Assignment
This exercise calls for the line with "Skyline von Sydney", the line with "Crowdfunding to Help", and all lines between them in the material below, output exactly and with no other lines.

**** Provided entries

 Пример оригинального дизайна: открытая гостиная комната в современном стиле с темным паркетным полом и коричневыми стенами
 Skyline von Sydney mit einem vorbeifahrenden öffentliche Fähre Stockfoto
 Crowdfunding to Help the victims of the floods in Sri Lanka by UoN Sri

********
**** Provided entries

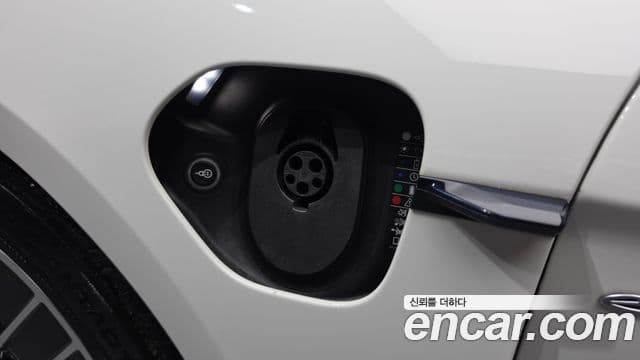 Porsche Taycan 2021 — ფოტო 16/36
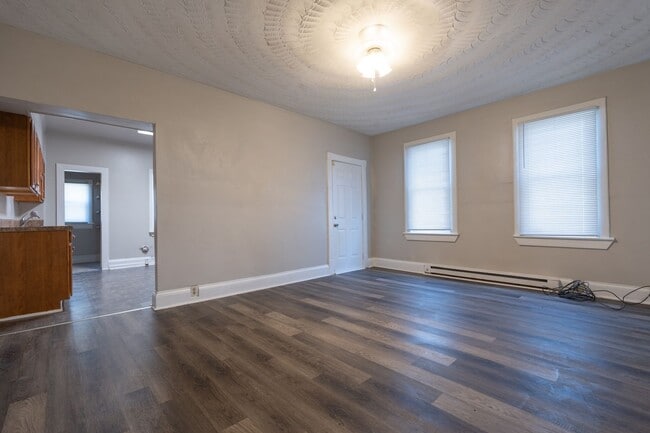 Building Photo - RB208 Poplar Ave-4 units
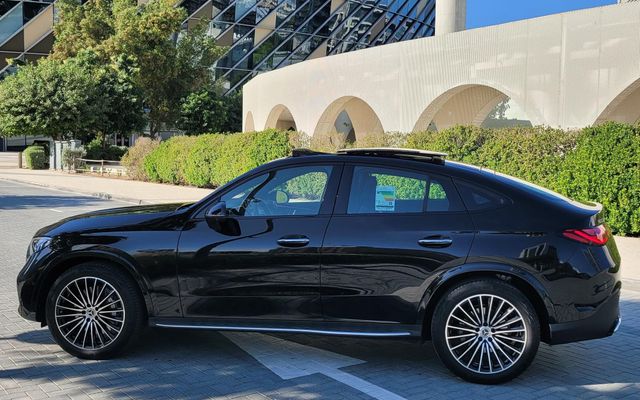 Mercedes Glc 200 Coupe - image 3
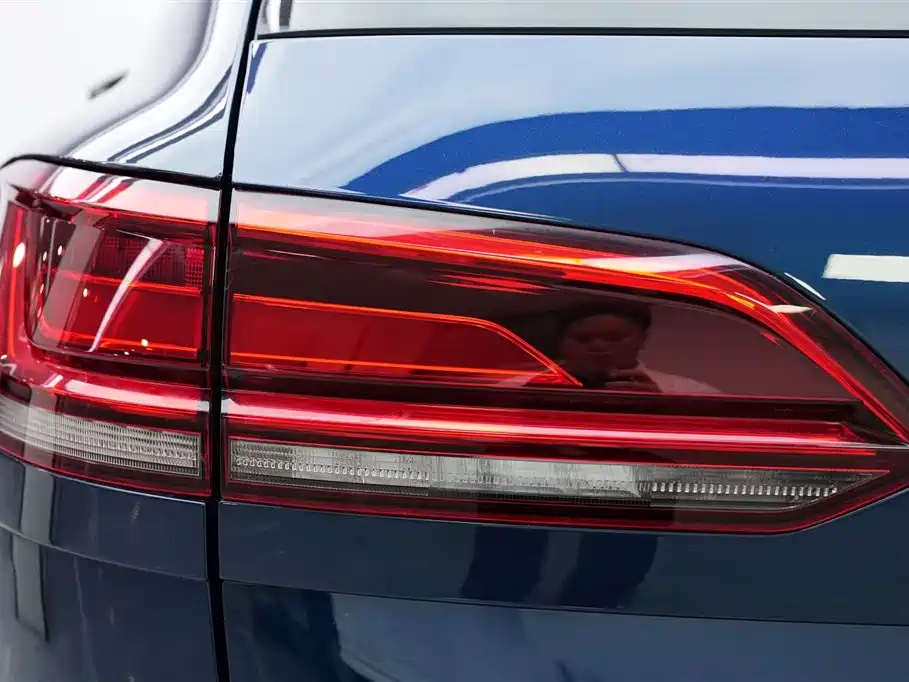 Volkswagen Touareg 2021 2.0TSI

********

Expected answer
 Skyline von Sydney mit einem vorbeifahrenden öffentliche Fähre Stockfoto
 Crowdfunding to Help the victims of the floods in Sri Lanka by UoN Sri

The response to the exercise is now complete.